Directions for this task: Below is a listing from which only part is wanted; return exactly the lines from the one with "Gremios docentes celebraron" up to and including the one with "Eurostat thotë se".

(Raw data begins)

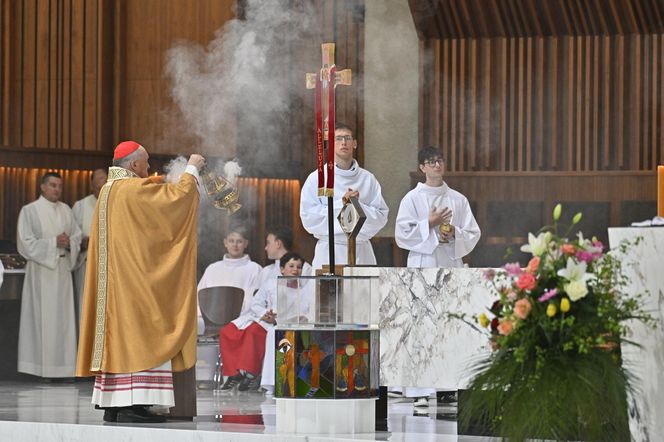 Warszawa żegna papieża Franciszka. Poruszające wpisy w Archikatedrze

(Raw data ends)
(Raw data begins)

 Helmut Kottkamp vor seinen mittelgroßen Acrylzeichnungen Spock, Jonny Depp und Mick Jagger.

(Raw data ends)
(Raw data begins)

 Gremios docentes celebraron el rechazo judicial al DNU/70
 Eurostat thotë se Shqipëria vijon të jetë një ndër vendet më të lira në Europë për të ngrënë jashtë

(Raw data ends)

Answer to this problem:
 Gremios docentes celebraron el rechazo judicial al DNU/70
 Eurostat thotë se Shqipëria vijon të jetë një ndër vendet më të lira në Europë për të ngrënë jashtë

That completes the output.